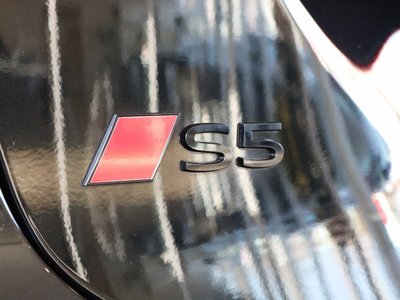 2025 AUDI S5 AVANT photo 37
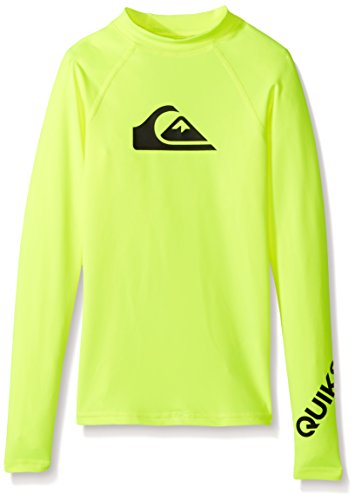 Quiksilver Boys' All Time Long Sleeve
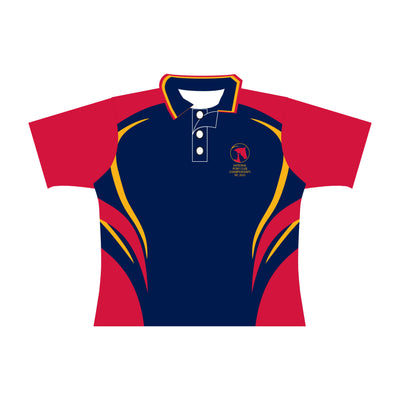 PCASA Pony Club Sublimated Short Sleeve Polo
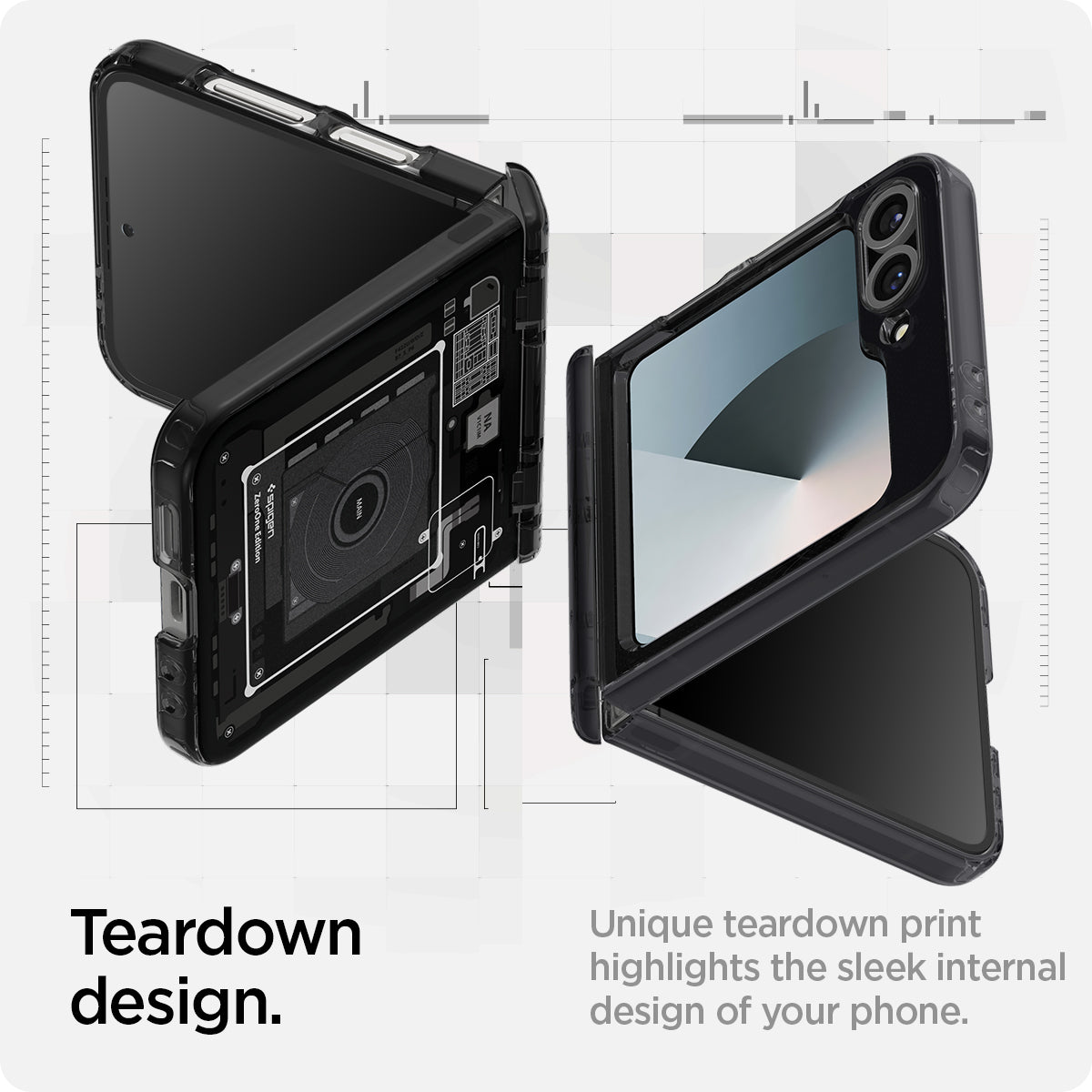 Galaxy Z Flip 6 Series - Ultra Hybrid Pro Zero One - Image 17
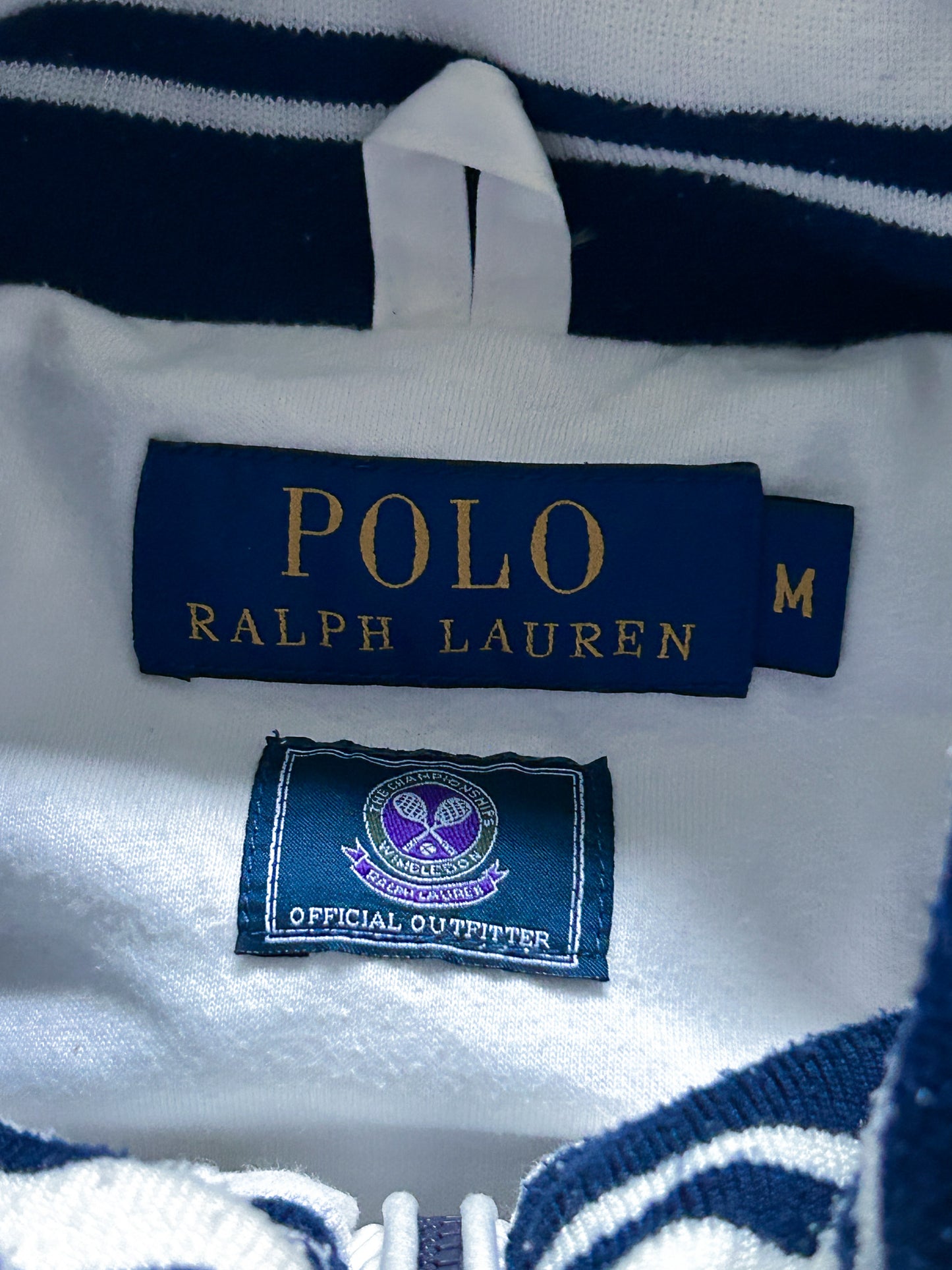 Polo Ralph Lauren Vintage *PREMIUM* Trackjacket | M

**Requirement**. Find the line with "Quiksilver Boys' All Time Long Sleeve". Return it and each line after it through the end of the data, exactly, without pictures.

**Task output**.
 Quiksilver Boys' All Time Long Sleeve
 PCASA Pony Club Sublimated Short Sleeve Polo
 Galaxy Z Flip 6 Series - Ultra Hybrid Pro Zero One - Image 17
 Polo Ralph Lauren Vintage *PREMIUM* Trackjacket | M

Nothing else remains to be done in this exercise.